**EXERCISE REQUIREMENTS**: The listing below is to be given again in full and word for word, without its images.

**SOURCE RECORDS**:

::::::::

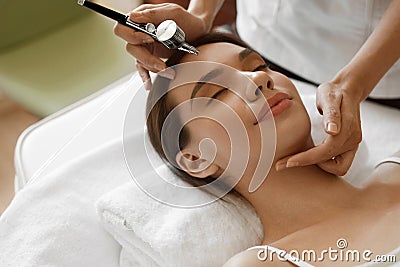 Facial Beauty Treatment. Woman Getting Oxygen Skin Peeling Stock Photo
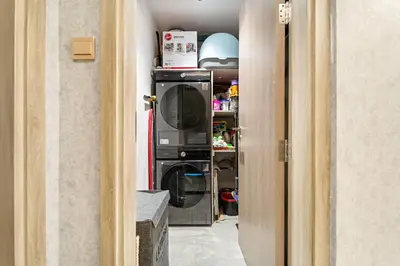 a kitchen with a microwave and a washer and dryer at VayK - Ultra-Luxury 3BR Marina Retreat with Stunning View in Dubai
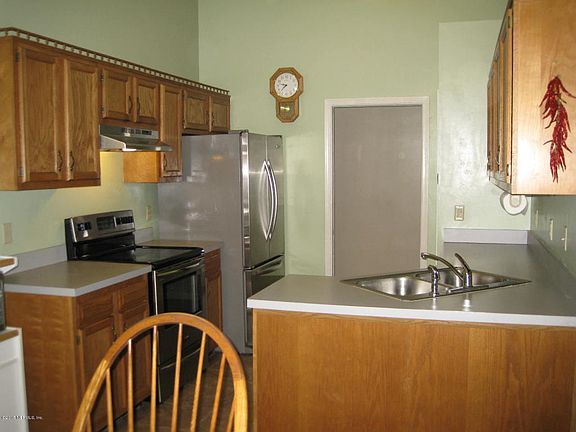 5th image of 3158 Sweetwater Oaks Dr N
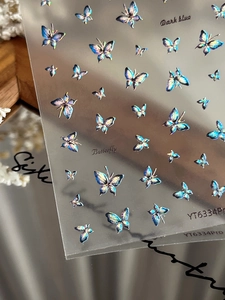 Macro view of iridescent dark blue holographic butterfly nail art decals with detailed texture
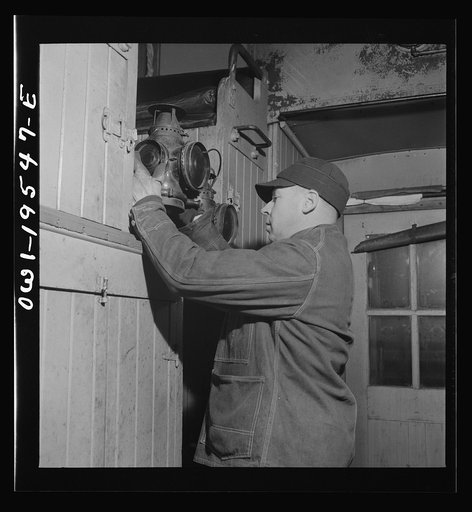 As darkness approaches, brakeman M. H. Burdette lights his markers and gets them ready to hang on the rear end of the caboose on the Atchison, Topeka and Santa Fe Railroad between Chillicothe, Illinois and Fort Madison, Iowa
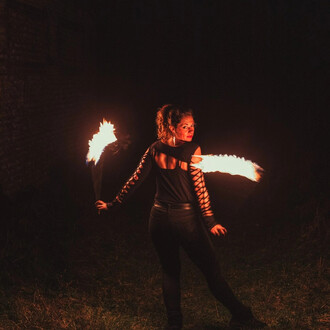 Femme en train de jongler avec des bolas enflammés, vêtue d'un haut noir à manches lacées, dans un environnement sombre. Les flammes illuminent son visage et créent une ambiance dynamique et spectaculaire.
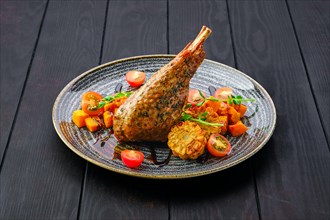 Roaster turkey leg with fried pumpkin and grilled corn decorated with tomato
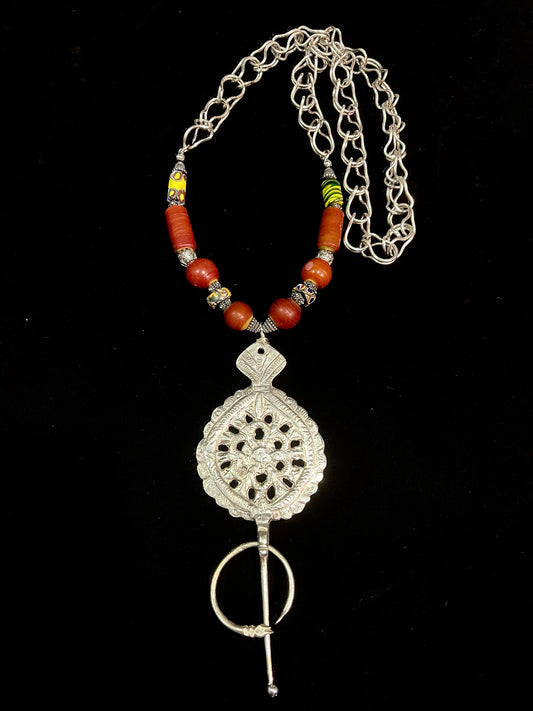 Antique silver Fibula from East Algeria, strung with antique Cornelian glass Venetian beads and Millefiori beads.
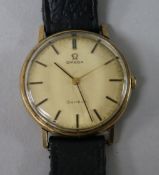 A gentleman's yellow metal Omega manual wind wrist watch.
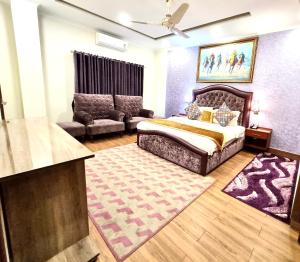 Hayyat Luxury Apartments في لاهور: غرفة نوم مع سرير مزدوج كبير وأريكة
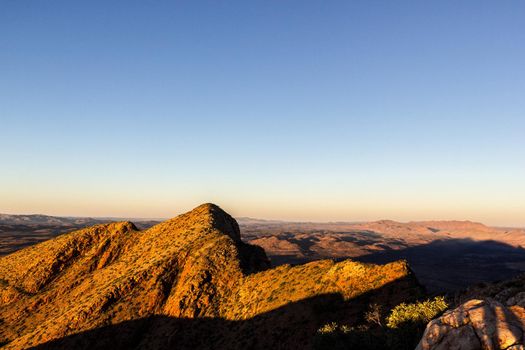 Hiker at the top of Mount Gillen just outside Alice Springs in central Australia.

::::::::

**THE ANSWER**:
 Facial Beauty Treatment. Woman Getting Oxygen Skin Peeling Stock Photo
 a kitchen with a microwave and a washer and dryer at VayK - Ultra-Luxury 3BR Marina Retreat with Stunning View in Dubai
 5th image of 3158 Sweetwater Oaks Dr N
 Macro view of iridescent dark blue holographic butterfly nail art decals with detailed texture
 As darkness approaches, brakeman M. H. Burdette lights his markers and gets them ready to hang on the rear end of the caboose on the Atchison, Topeka and Santa Fe Railroad between Chillicothe, Illinois and Fort Madison, Iowa
 Femme en train de jongler avec des bolas enflammés, vêtue d'un haut noir à manches lacées, dans un environnement sombre. Les flammes illuminent son visage et créent une ambiance dynamique et spectaculaire.
 Roaster turkey leg with fried pumpkin and grilled corn decorated with tomato
 Antique silver Fibula from East Algeria, strung with antique Cornelian glass Venetian beads and Millefiori beads.
 A gentleman's yellow metal Omega manual wind wrist watch.
 Hayyat Luxury Apartments في لاهور: غرفة نوم مع سرير مزدوج كبير وأريكة
 Hiker at the top of Mount Gillen just outside Alice Springs in central Australia.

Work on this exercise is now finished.